Currently, there are organized leagues teaching, coaching and playing baseball/softball for kids as young as Five. If the interest is still there, the kids work their way through the various age group leagues and into high school ball and possibly college. If a player proves his skill there, he may be drafted into the majors to advance to the A level, the AA level, the AAA minor league level and finally to the majors if an injury does not force him out. Players are recruited from as far away as Japan, South Korea, South America and our neighbor Canada. A bunch from the Dominican Republic, Mexico, Puerto Rico, Cuba and Venezuela and just a few from Europe and elsewhere. China and Russia, none so far.

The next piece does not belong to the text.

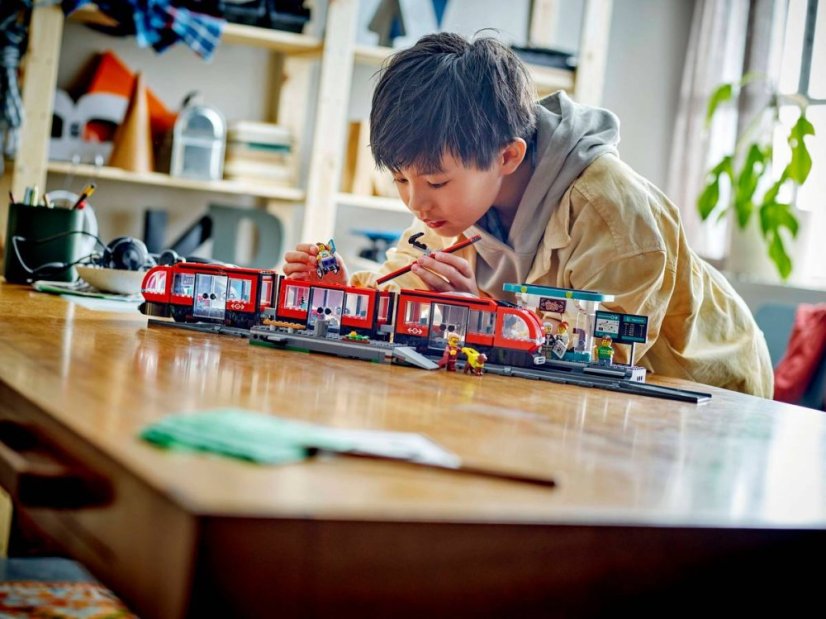 LEGO® City 60423 Električka a zastávka v centre mesta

Injuries in baseball are quite common. A strained muscle or an ankle, knee, arm, hand or shoulder sprain can sideline a ballplayer onto the Disabled List for some time. There have been broken bones. There have been concussions. Some pitchers have been injured by a ball coming back at them at 140 mph. Some catchers have been injured by a ball slightly hit causing the catcher to miss it, and the ball knocks off his helmet or bounces up into his thigh and crotch. “ouch.” Umpires have been hit by the ball. Fans have been injured trying to catch one of those foul balls.

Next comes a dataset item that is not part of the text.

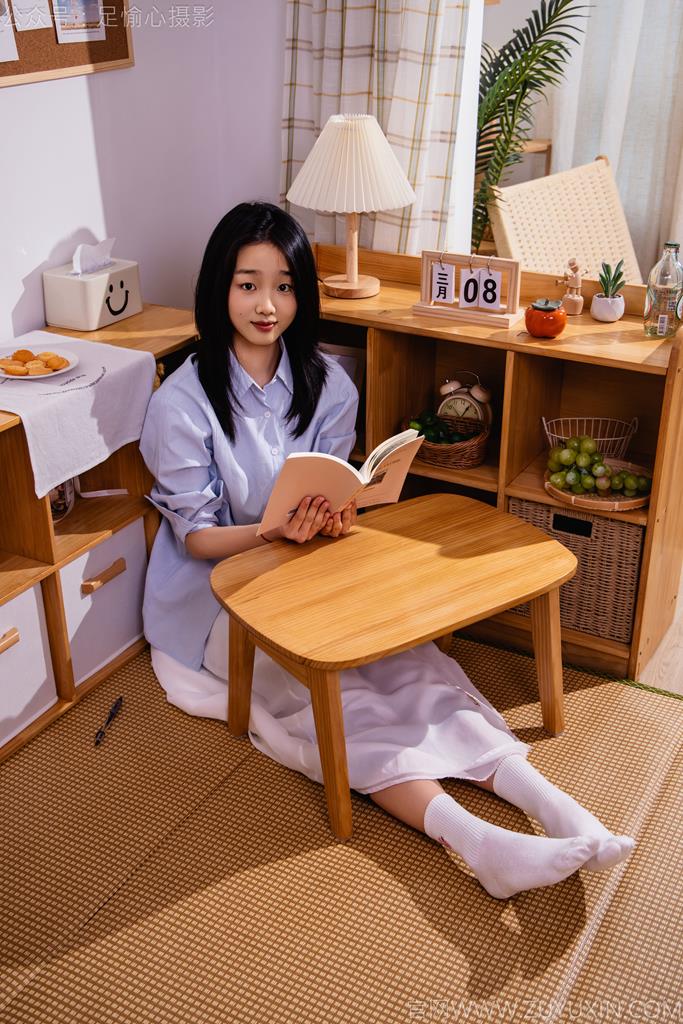 图片[8]-精选足愉心 NO.023 奶芙（搭配：蓝色衬衫、白色长裙、帆布鞋、白色棉袜、裸足）[110P]-草丛看图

Each team must have a support staff of base coaches, pitching, fielding and batting coaches, medical personnel, and all those who clean the uniforms to have them ready for the players entering the locker room. There must be drivers of the busses to take the players back and forth to the airports, as well as people to pack the uniforms, the bats, balls, gloves, helmets, shoes, hand gloves and protective equipment they use when facing the ball coming at 95mph. There must be cleaners for the locker-rooms and dugout areas, not to mention the number of people it must take to pick up the trash left by spectators under the seats. A ground crew is needed to cut and mow the grass decoratively. A crew must be available to rake the infield dirt and roll out the carp when the rains come. The grass must be fertilized and watered to maintain the field in excellent shape without ridges and bumps. 162 times a year they play, plus practice sessions and games in spring training in the warmer climates, which stars in mid-February lasting to the beginning of the regular season.

Hmm, the players are at the daily command of the manager and owner for seven and a half months of each year. What do they tell the players to do during that time away from the ball-park?

“Yeah, good, four and a half months off to do what I and the family want. Ah, that three-week cruise you planned was wonderful, but I’ve got to get back into shape or I won’t be able to swing that bat, or chase after the ball as well as I have been, or I might be traded to NY or LA so far away from home. “Sorry honey, I’ve got to go to the gym today, and the media has requested an interview, and the charity ball is right around the corner. Thanksgiving, then Christmas and New Years. “Oh man, I ate too much, enjoyed the desserts like never before.” Five weeks away and a new season starts. “Let’s take a trip to Rome before the team’s golf outing in Florida in three weeks.”

The next possible technical change being investigated is eliminating the behind the plate umpire calling the balls and strikes, as there have been many controversies as to the correct call. “Oh, no, that was off the plate,” the player huffs and puffs in anger, “You are capable of making mistakes Mr. Umpire.”

The future may be in the digital world of calling strikes and balls.

Is Baseball still America’s pastime?